For the World Cup, a 55- inch TV was bought and set up at Bose's club. But he makes it a point to watch every Argentina match alone, in his bedroom. “I haven’t changed the bedsheet since the second game where Argentina beat Mexico. You cannot take chances,” said Roy.
The Copa America triumph in July 2021 was Argentina’s first major international trophy in 28 years. But their fandom in Kolkata has not dwindled largely because of Messi, who made his World Cup debut in Germany in 2006.
For the past 16 years and through three subsequent World Cups, the Argentina fans in Kolkata have been rock solid behind their team and its talisman.
Another final in Brazil eight years ago had ended in heartbreak, courtesy a late goal from Germany’s Mario Gotze. This time, they hope for a different ending.
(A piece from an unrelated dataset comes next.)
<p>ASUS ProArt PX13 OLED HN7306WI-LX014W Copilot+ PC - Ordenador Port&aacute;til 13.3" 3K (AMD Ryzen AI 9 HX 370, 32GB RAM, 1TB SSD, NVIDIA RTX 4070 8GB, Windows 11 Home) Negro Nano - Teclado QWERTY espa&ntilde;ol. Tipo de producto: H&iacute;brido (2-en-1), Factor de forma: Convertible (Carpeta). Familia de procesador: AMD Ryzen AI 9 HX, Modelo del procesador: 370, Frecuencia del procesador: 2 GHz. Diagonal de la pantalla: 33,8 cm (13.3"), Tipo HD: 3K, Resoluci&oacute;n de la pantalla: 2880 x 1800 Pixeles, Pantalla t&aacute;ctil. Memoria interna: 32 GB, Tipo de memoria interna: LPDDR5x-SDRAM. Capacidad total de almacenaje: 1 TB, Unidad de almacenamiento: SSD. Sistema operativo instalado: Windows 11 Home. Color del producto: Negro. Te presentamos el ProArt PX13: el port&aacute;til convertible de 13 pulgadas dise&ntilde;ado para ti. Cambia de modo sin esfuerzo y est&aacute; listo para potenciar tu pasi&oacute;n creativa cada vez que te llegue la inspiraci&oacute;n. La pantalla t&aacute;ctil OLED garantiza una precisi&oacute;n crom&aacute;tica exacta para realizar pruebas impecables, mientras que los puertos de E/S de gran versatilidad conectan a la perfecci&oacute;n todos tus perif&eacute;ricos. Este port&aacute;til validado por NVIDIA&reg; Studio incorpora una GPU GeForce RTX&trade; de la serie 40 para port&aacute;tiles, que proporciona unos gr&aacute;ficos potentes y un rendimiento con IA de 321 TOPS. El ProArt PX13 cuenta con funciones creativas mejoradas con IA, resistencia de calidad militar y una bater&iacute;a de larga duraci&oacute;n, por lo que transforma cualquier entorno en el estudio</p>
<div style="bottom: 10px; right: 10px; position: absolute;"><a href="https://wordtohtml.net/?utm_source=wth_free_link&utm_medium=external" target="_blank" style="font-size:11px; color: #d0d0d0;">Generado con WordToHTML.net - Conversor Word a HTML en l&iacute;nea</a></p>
“Win or lose, you cannot not love Messi. He is not arrogant. He has seen so many failures. But he keeps trying. I hope he gets the farewell he deserves,” said Omprasad Chattopadhyay, who lives near Tollygunge Metro station and works for an automobile company.
Countless neighbourhoods have been decked out in the blue-and-white colours of Argentina. Giant posters, with Messi as the centerpiece, are everywhere. While some have already placed the golden trophy in his hands, some have it written as a foregone conclusion, often in typo-ridden Bengali.
Till a little over a week ago, canary yellow flags of a neighbouring — and one with a richer football history — country vied for space with Argentina flags. But after Brazil’s shock defeat at the hands of Croatia, the yellow flags have either been taken off or they are fluttering in neglect.
Brazil supporters are a divided house. Many have tilted towards their arch-rivals because of their talisman.
“Leo Messi deserves the World Cup. A true football lover will want that,” said Satyajit Saha, a Brazil fan who lives in Dum Dum Cantonment and works in Burrabazar.
But a section of more serious Brazil supporters will root for France on Sunday.
“After Brazil’s tiebreaker defeat, a couple of Argentina supporters did a Samba dance to celebrate. I am still seething. I am praying for (French forward Kylian) Mbappé,” said Pritam Gupta, a Behala resident.
If they are answered, Gupta’s prayers will bring the world crashing down for Avijit Routh, a 28-year-old driver in Chetla.
Messi’s portrait finds a spot on his wall, beside Krishna and Radha.
“I am not thinking of any other result. The cup is destined to end up in Messi's hands,” said Routh.